Fossi nel management Ducati inizierei a pormi qualche domanda, perché non è normale che un Pilota Factory si tiri dietro un Pilota di una casa rivale…

Non tutto è da buttare.

Dopo la “Pole” l’alfiere HRC “Pol” regala una bellissima gara al team Repsol, certo non è una vittoria o un podio ma lo è per lui, soprattutto vedendo l’altro lato del box e la rivalità acerrima che c’è tra loro. Che sia la fine di un incubo? No, per me Silverstone è un tracciato particolare, mi auguro di sbagliare.

Jack Miller ha sfiorato il podio, qui a Silverstone con la Ducati non è mai una certezza però lui è arrivato vicinissimo. Ma quello che mi fa pensare di più è la prestazione di Iker Lecuona. Ha fatto in ottima gara e ribadisco che paga il fatto di essere l’ennesimo Spagnolo, qualora non trovi posto in MotoGP il prossimo anno. Il Team clienti Yamaha ha scelto di puntare su Dovizioso (ci sarà da ridere parecchio se dovesse fare flop…) mentre a me sarebbe piaciuto vedere sulla M1 un talentino come Iker che ha fame e voglia di “arrivare”, tenuto conto che è il più giovane in pista.

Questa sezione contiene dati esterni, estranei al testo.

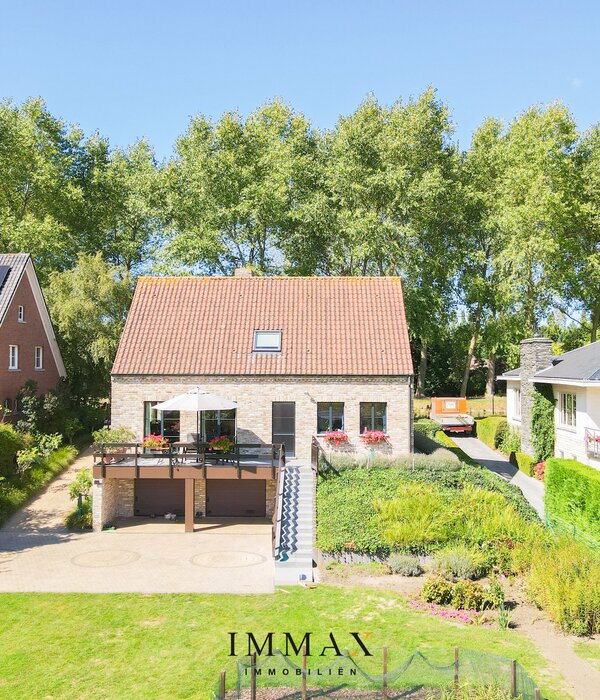 Magnifique villa, idéalement située le long du Damse Vaart 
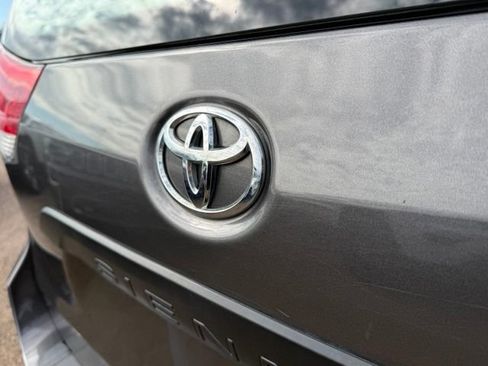 Used 2011 Toyota Sienna FWD image 13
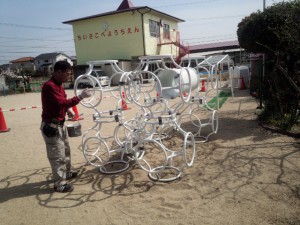 太宰府市　ちいさこべ幼稚園　遊具　塗装工事　下塗り施工中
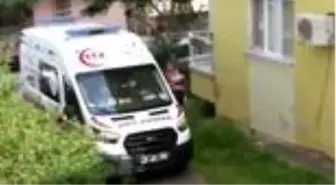 Vatandaşlardan polis ve sağlık ekiplerine çiçekli sürpriz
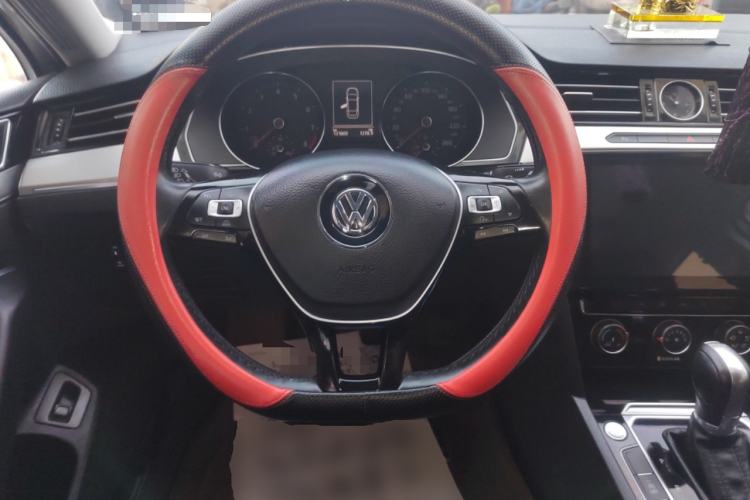 Used Volkswagen Magotan 2017 280TSI DSG Leading Edition
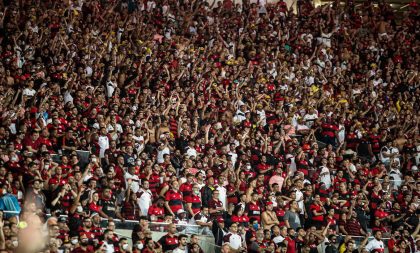 Flamengo é denunciado no STJD por canto homofóbico em jogo com Grêmio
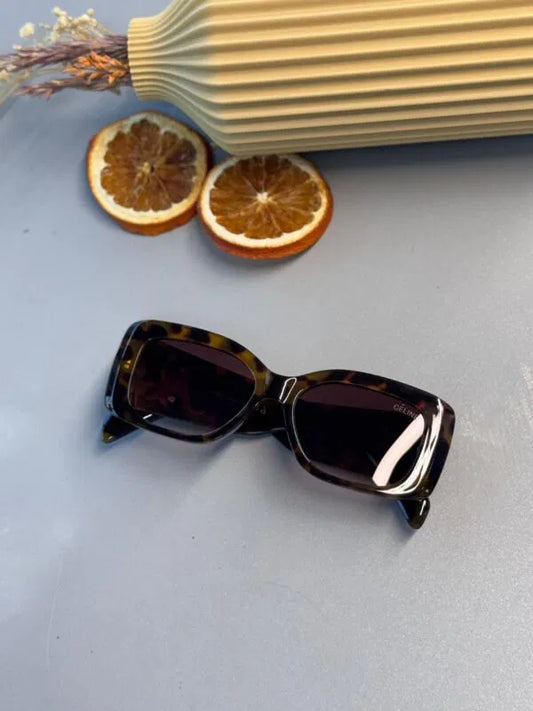 Celine Triomphe XL 01 CL – Dikdörtgen Güneş Gözlüğü – Leopar Kahve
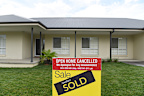 Property real estate generic 'for sale' and 'sold' sign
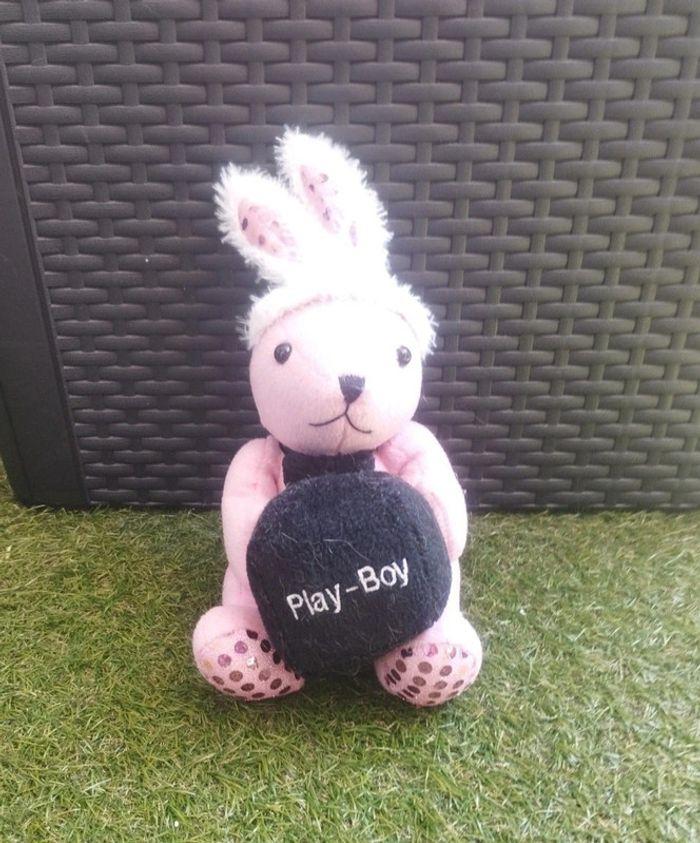 Peluche lapin rose Playboy 
Très bon état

Alex Marquez. Immagine MotoGP.com

Gioia anche per Alex Marquez che in condizioni di grip “minore” riesce a guidare meglio di quello che ci ha fatto vedere finora. Chiude al 7° posto battagliando sia con Bagnaia che con Mir, dando un segnale forte. “Io ci sono ma ho la moto sbagliata” sembra gridare. Mi piacerebbe vederlo su un’altra moto, sicuramente dal 2023 saremo accontentati.

In chiusura…

Cal Crutchlow, Pilota del Test Team, in sostituzione di Vinales. Immagine MotoGP.com

Cal Crutchlow ha sostituito, per questo GP, Maverick Vinales nel Team Factory. Ha chiuso fuori dalla zona punti, il problema e l’imbarazzo per qualcuno è che ha chiuso davanti a Valentino Rossi. Crutchlow è un Pilota del Test Team…

https://twitter.com/FranckyHawk29/status/1431954427955515401?s=19

Mondiale “Capitolo chiuso”⁉️

Ni. Può perderlo soltanto staccando la spina il buon Fabio, che però ha una fame tale che potrebbe vincerle tutte. In classifica Mondiale allunga e se ne va…. La lotta è per il “primo dei perdenti come dice Ago”.